Later on, when Michael was Chair of the RNC he made a statement after being asked whether people in politics like the President and himself are treated differently. To paraphrase,he said, “Yes, the President and I are held to a different standard, and there
is less room mistakes”. His beloved republican party railed him for that, taking him to task. He also had to publicly apologize to Rush Limbaugh for another statement he made: “he, rather than Limbaugh, is “the de facto leader of the Republican Party. Rush Limbaugh is an entertainer. Rush Limbaugh’s whole thing is entertainment. Yes, it is incendiary. Yes, it is ugly.”
For a quick moment, Michael grew some balls. He spoke the truth, and pulled the curtain
from the Wizard of Oz. Then the Wizard struck back, railing him on the airways and… emasculating him. Michael had to backtrack, and started saying and acting like an extreme conservative to win back his audience. But too late, his true “colors” where revealed, and he was rubber stamped as someone who secretly supported President Obama. So much for Michael being the RNC chair. This is just one of many examples of trying to please the Republican Party while being black.

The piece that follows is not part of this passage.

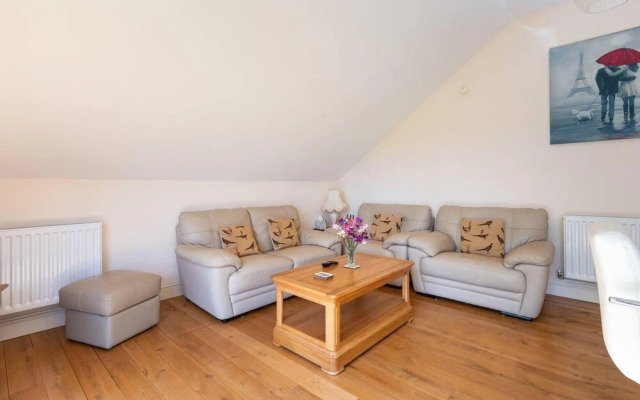 Dove Lodge in Painswick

Herman will do almost anything to make white people feel more comfortable, especially when it comes to Muslims and blacks. Special oaths. Not hiring them in his cabinet. Searching them specifically when boarding a planes, and, saying bombastic things about anyone who is not white.
The reason why this goes on is because candidates like him have come to the conclusion that they are not going to get that vote anyway. The are convinced that, especially black people, will not listen to them, and that they are assumed to be uncle Toms’. So if they piss off a few Black people or Muslims, so what if it can get them a few extra white votes. They take the position that all African-Americans think a certain way, or act a certain way, or are nothing like him, or, that they can’t relate to the “average African-American” so it’s a lost cause in trying to win their vote.
Herman is missing a grand opportunity, and that is to energize the Republican Party with an influx of middle class African-American voters. Are they a huge audience, no, but, it would take away votes that would normally would be cast for a Democratic candidate. This would also attract other minorities in this country to at least look at the Republican Party more closely. To his credit, Herman has not tied himself too close to the tea party wing of the Republican Party. But to his detriment, he has missed out, just like many black Republicans who have come before him, to truly integrate the Republican Party and give it possibilities of offering ideas that will work for all Americans, instead of catering to those in the Republican party, who will eventually throw him out anyway.
Finally, back to the story of my father and voting for Zak. Zak promised to do something, something simple and tangible, fix something and that why he got my father’s vote. Besides the 9-9-9 plan, and besides blaming everything on you black folks and the Democrats, and beside being folksy and personable, what do you bring to the table besides being your average everyday Black Republican? Good luck Alan Keyes… I mean Herman Cain. I like you, but because of the actions of your party and how African-Americans have to morph themselves to “fit” into it, I can’t vote for you.